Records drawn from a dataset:
··········
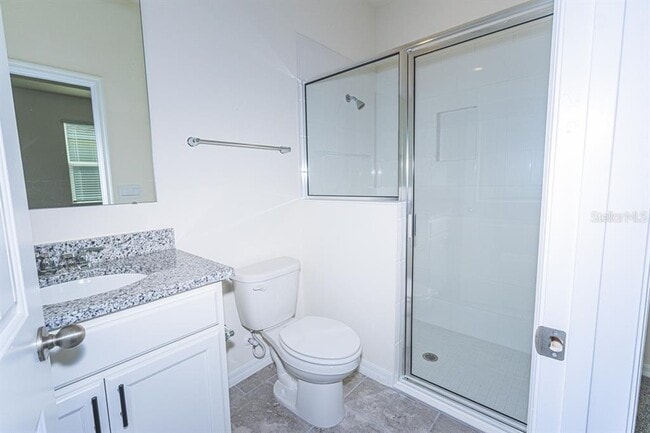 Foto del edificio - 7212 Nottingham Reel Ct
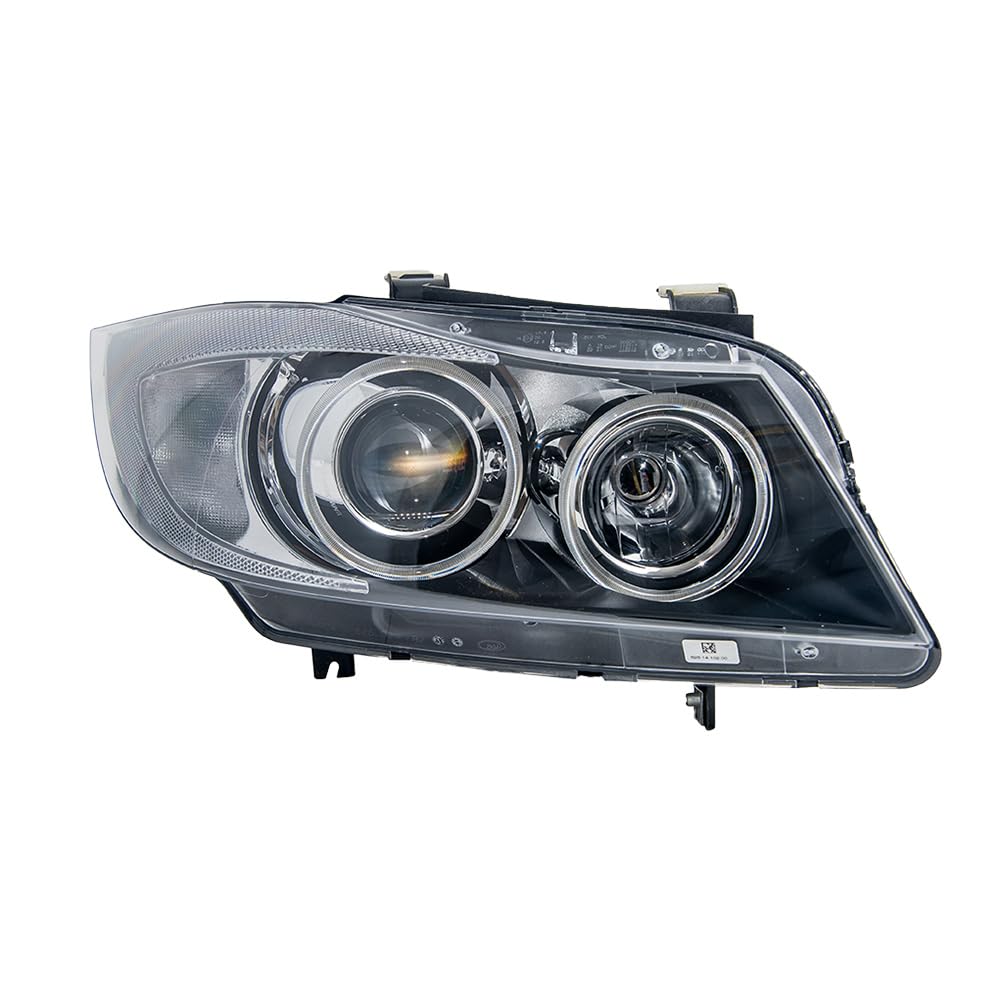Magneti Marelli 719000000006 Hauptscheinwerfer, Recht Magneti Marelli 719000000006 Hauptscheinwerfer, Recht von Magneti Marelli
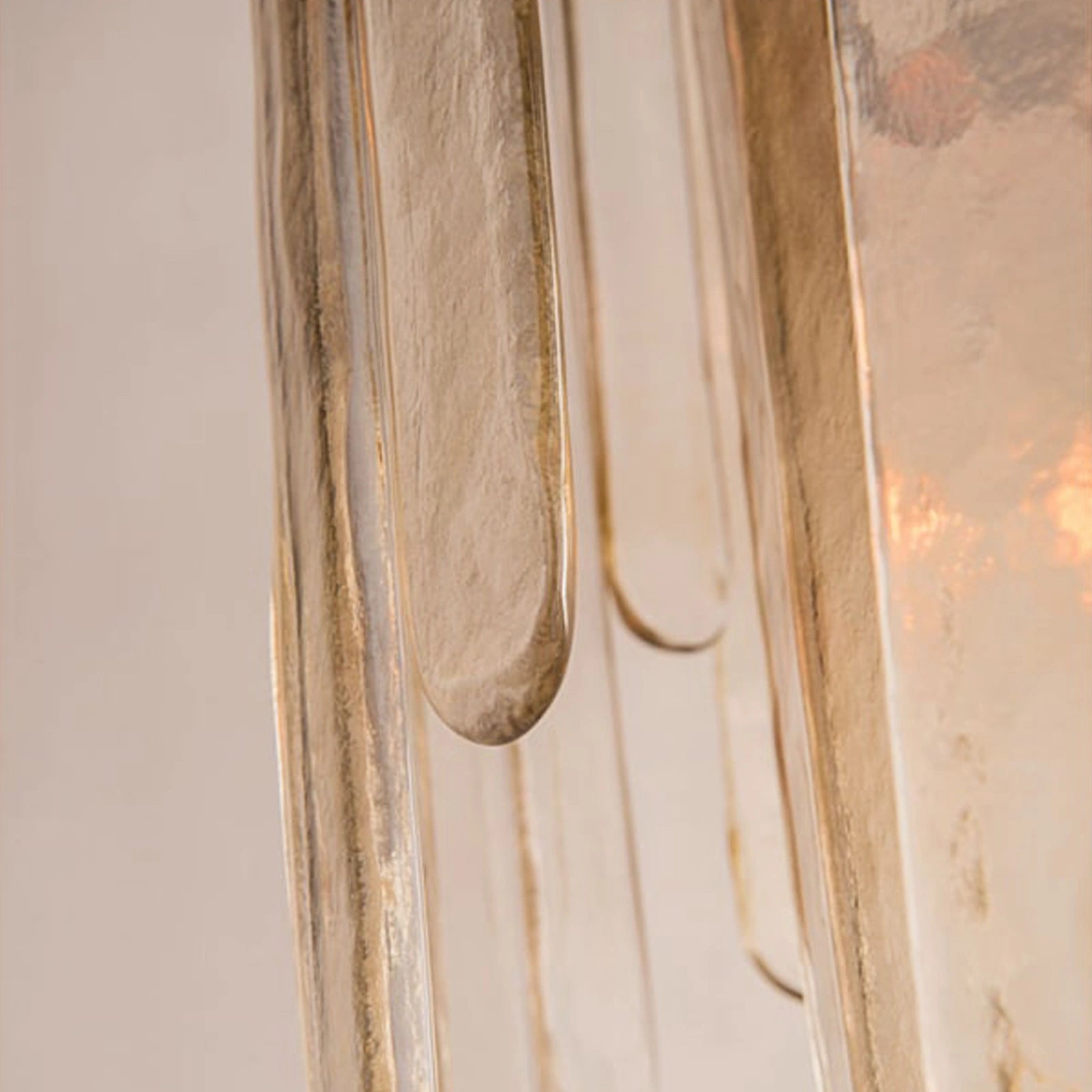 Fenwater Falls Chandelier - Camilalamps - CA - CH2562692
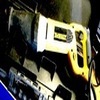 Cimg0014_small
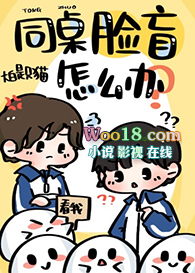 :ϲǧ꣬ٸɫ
··········
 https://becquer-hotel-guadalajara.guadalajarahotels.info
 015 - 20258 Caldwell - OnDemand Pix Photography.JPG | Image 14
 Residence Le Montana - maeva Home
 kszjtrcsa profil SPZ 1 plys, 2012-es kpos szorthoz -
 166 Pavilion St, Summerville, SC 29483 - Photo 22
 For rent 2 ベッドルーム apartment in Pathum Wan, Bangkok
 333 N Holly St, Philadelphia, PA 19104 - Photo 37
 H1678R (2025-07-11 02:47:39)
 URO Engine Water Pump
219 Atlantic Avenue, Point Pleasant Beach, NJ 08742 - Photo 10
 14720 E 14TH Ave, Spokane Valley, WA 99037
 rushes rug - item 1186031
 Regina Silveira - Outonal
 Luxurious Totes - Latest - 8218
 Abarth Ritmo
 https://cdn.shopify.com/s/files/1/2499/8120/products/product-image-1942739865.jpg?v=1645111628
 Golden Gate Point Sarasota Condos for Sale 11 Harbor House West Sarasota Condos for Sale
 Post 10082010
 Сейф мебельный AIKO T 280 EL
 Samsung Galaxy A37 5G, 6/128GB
··········
Copy the stretch of the records above that runs from the line with "015 - 20258" through the line with "333 N Holly". Both end lines belong in the copy, and nothing else does.

**Result of this task**
 015 - 20258 Caldwell - OnDemand Pix Photography.JPG | Image 14
 Residence Le Montana - maeva Home
 kszjtrcsa profil SPZ 1 plys, 2012-es kpos szorthoz -
 166 Pavilion St, Summerville, SC 29483 - Photo 22
 For rent 2 ベッドルーム apartment in Pathum Wan, Bangkok
 333 N Holly St, Philadelphia, PA 19104 - Photo 37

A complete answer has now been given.